Wine’s journey from Rome - a resumé

An academic symposium:
Wine’s journey from Rome
Wine in the Roman Empire and its significance for today's wine culture

Rome, 23.-25. May 2012 (the Norwegian Institute in Rome)

Why such a symposium?
Wine was one of the most important products of the Roman Empire — as nutrition, drug, commodity, something to assemble around, rally to, as a cultic symbol and much more. Wine and vines were exported from Italy with the legions and enterprising traders and wine culture was soundly established, and is so even today, in the whole region that once was the Roman Empire. Ever since one has cultivated, drunk, praised and cursed wine in Europe.
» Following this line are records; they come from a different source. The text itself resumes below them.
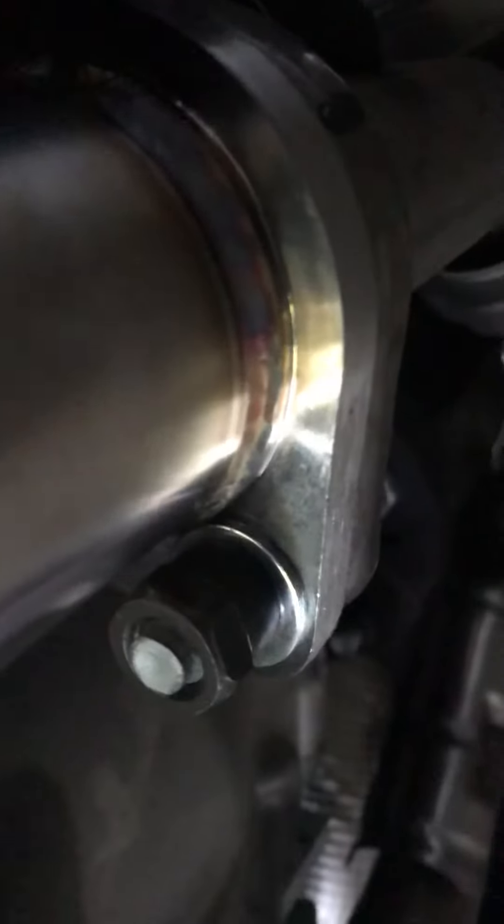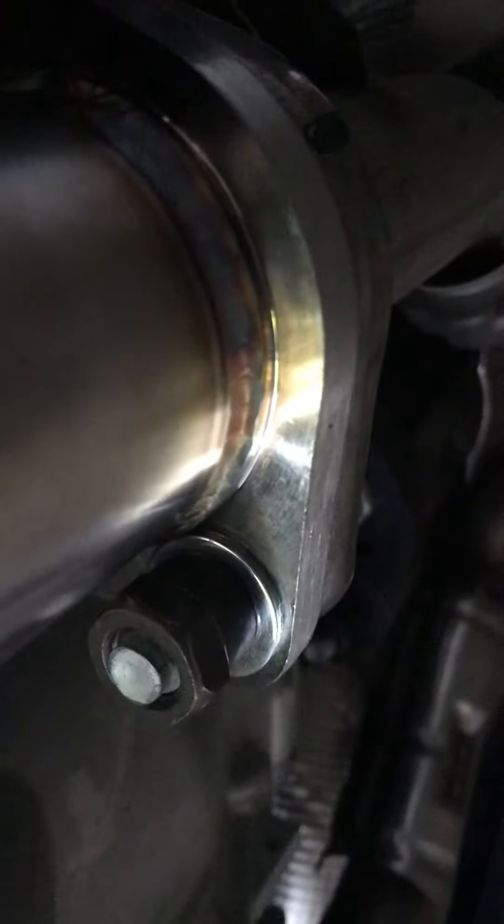I just used the washers from SSR, as you can see — those black ones are the OEM bolts with threadlock. I used the SSR washer so it doesn't go metal to metal, and I used the OEM hardware.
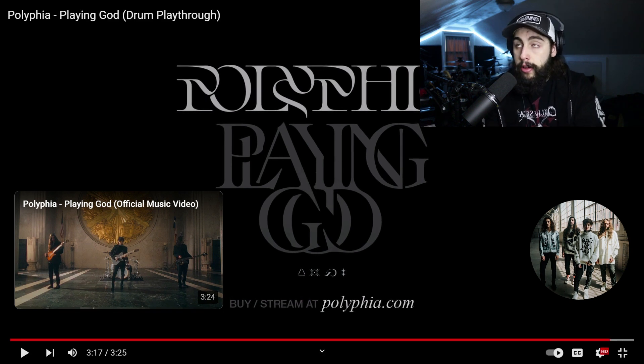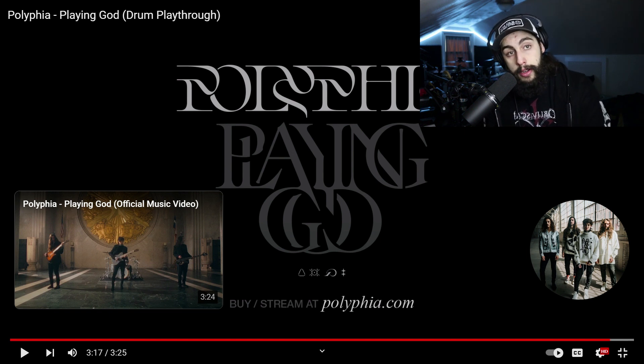I think it's really cool how he can place all of that together into a nice neat package — a perfect combination of technicality, groove, and overall insane creativity. It's absolutely tasteful and phenomenal, and I really do like that.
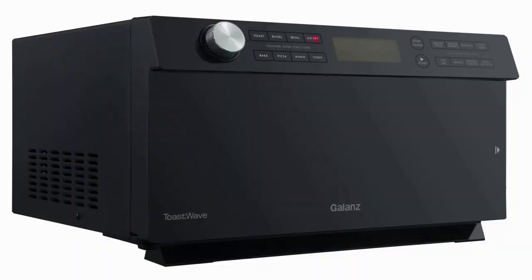Hi there and welcome. The wonderful people over at Galantz has sent me this Toast Wave 4-in-1 oven to share with you. So let's take a quick little peek at all the features and we'll make a little something to see how this Toast Wave oven does.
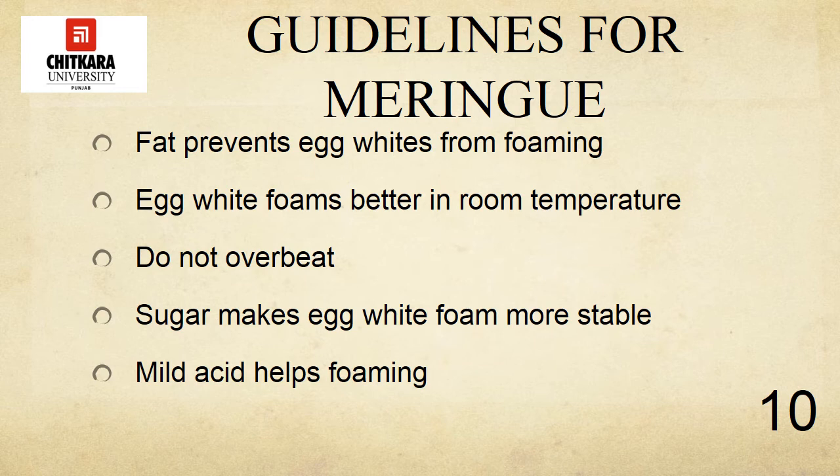Let's discuss the guidelines for making meringues. Fat prevents egg whites from foaming properly — this is very important. Make sure all equipment is free from any trace of fat or grease, and that the egg whites have no trace of yolks in them. Egg whites foam better if they are at room temperature than if they are cold. Remove them from the refrigerator one hour before whipping.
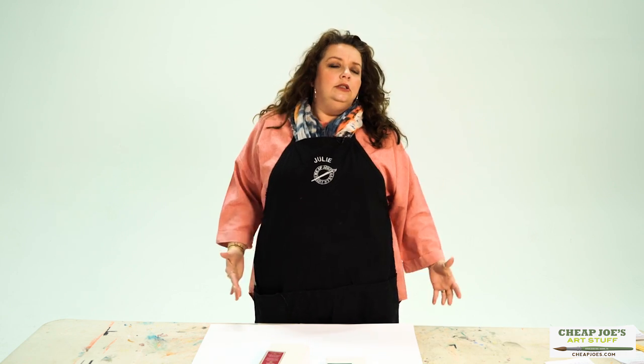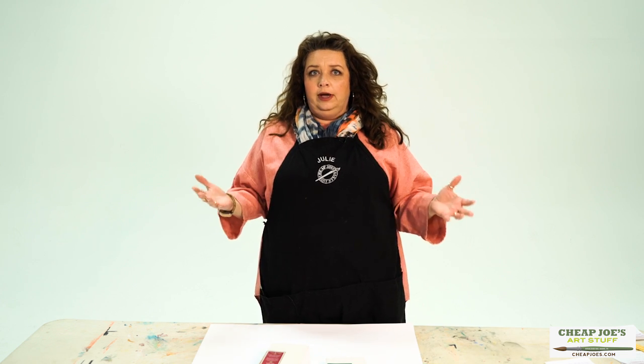Hello and welcome to Cheap Joe's. My name is Julie and I'm here to impart some knowledge to you today via a two-minute art tip. Today we're going to be talking about gallery wrap canvas and the confusion and controversy surrounding it — not really, but there is some confusion that comes with the word gallery wrap.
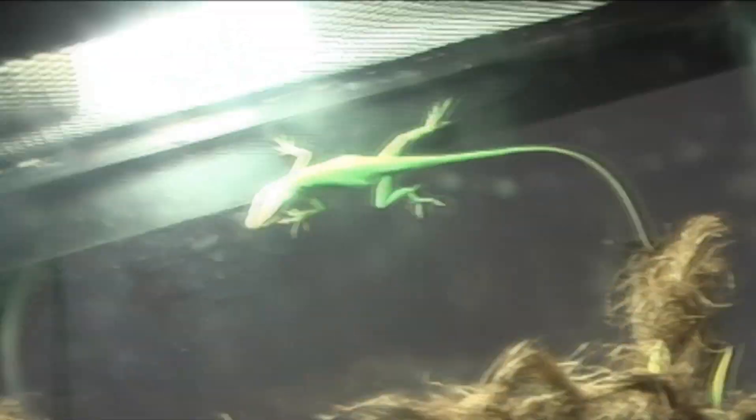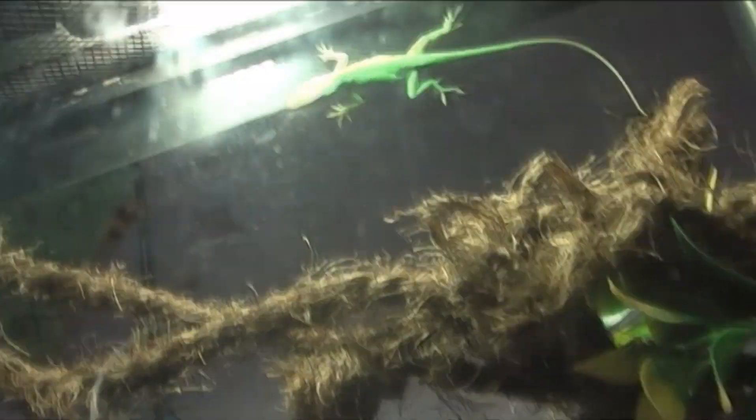So I have a little nighttime one — it doesn't keep much heat. This is a 50-watt, it's just a spotlight bulb, and that's a 13-watt UVB. They're really not that aggressive if you pick them up right. If you can put your hand in front of them and touch their tail, they'll jump on you and not bite you. If you just grab them, they're gonna bite you because they're threatened.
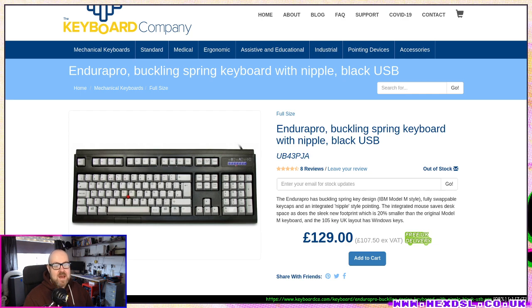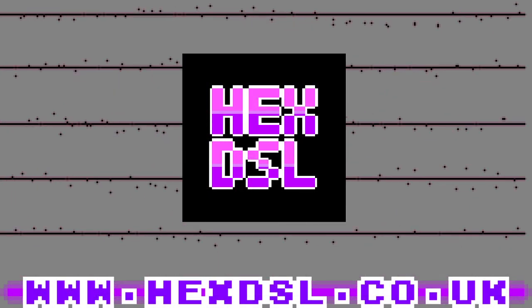If you want to support me, you can find me on patreon.com/hexdsl. If you've got a spare pound I will take it off your hands and use it to buy more keyboards. Goodbye!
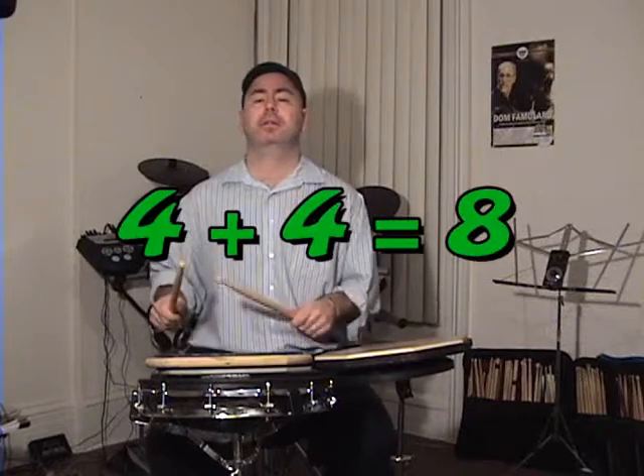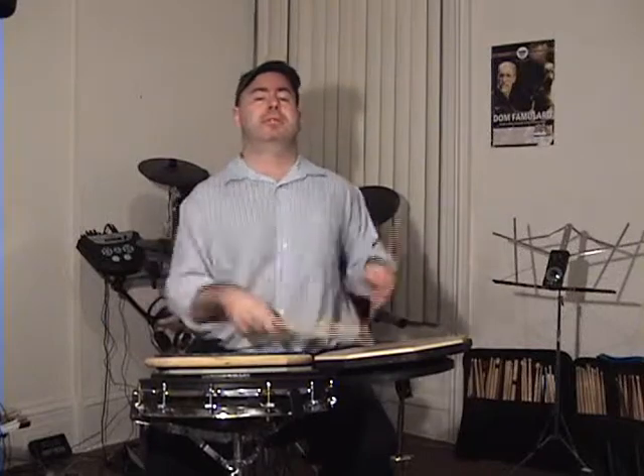Next one. Four plus four equals eight. One, two, three, four, one, two, three, four. One, two, three, four, five, six, seven, eight — four plus four equals eight. You get eight strokes all together. One, two, three, four, five, six, seven, eight. Four — one, two, three, four, one, two, three, four. Four plus four is eight. Quicker, and quicker — that gets really fast. It's easier to get faster, I think, than the rest.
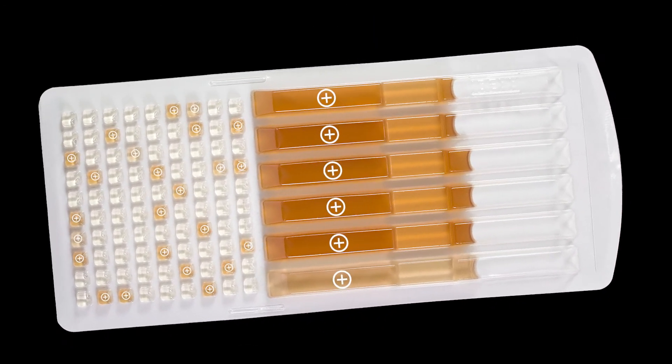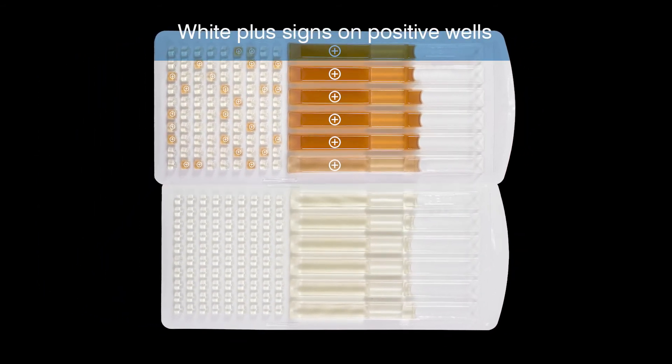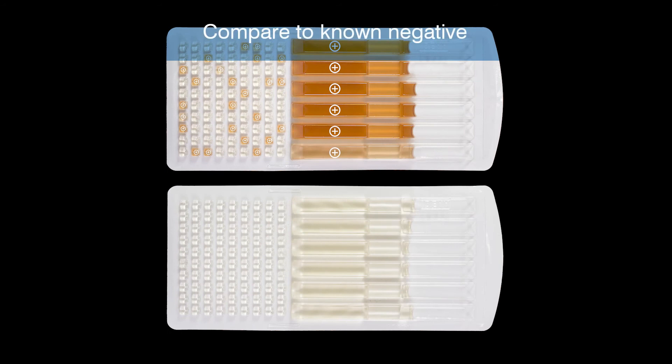Here is an example with both strong and weak positive wells. There are a total of six positive large wells and 24 positive small wells. If you are unsure whether a result is positive, compare the sample side by side with a known negative sample.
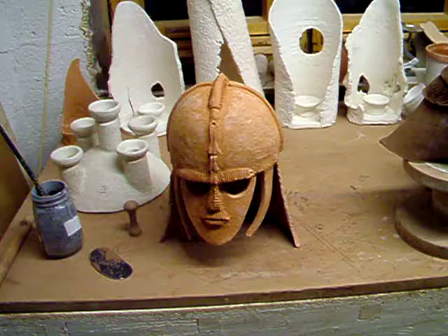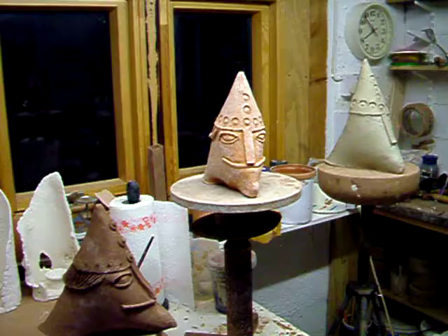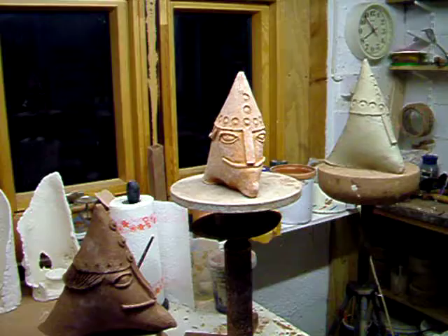The Sutton Hoo helm — perhaps already mentioned. All of these pieces are in paper clay: white earthenware paper clay and terracotta paper clay.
Italy is a unique wine region with its extraordinary high number of grape varieties, the diversity of regions and methods of cultivation, the high number of wine producers and a unique range of wines and methods of production. No other nation can compare to Italy's diversity in all of these aspects of wine production. The background can be found in the country's history, and particularly Roman Italy's importance to the development of wine. 1500 years after the fall of Rome, Italian wine is again the market leader in the world. Norway is no exception and Italy is the best-selling wine country also here. Norwegians' drinking habits are changing and wine increases at the expense of other alcoholic beverages.

The purpose of this symposium is to lead this interest onto a historic path, back to antiquity, to raise awareness of reasons for the significance of Italian wine – by pointing to the ancient society of Roman times, its consequences in today’s wine production and its relevance to contemporary wine culture. The seminar will seek to reach that goal as a Symposium combining the joint minds (and pens and pallets) of some of the best minds from academia, the producers of wine, the press and of the wine industry. The Norwegian Institute in Rome sited on Gianicolo will provide a sound setting for this extraordinary Symposium. As such, this remarkable historic and archaeological Institute will contribute to creating increased awareness of these subject matters in academic circles, both internationally and nationally, and in public and business life.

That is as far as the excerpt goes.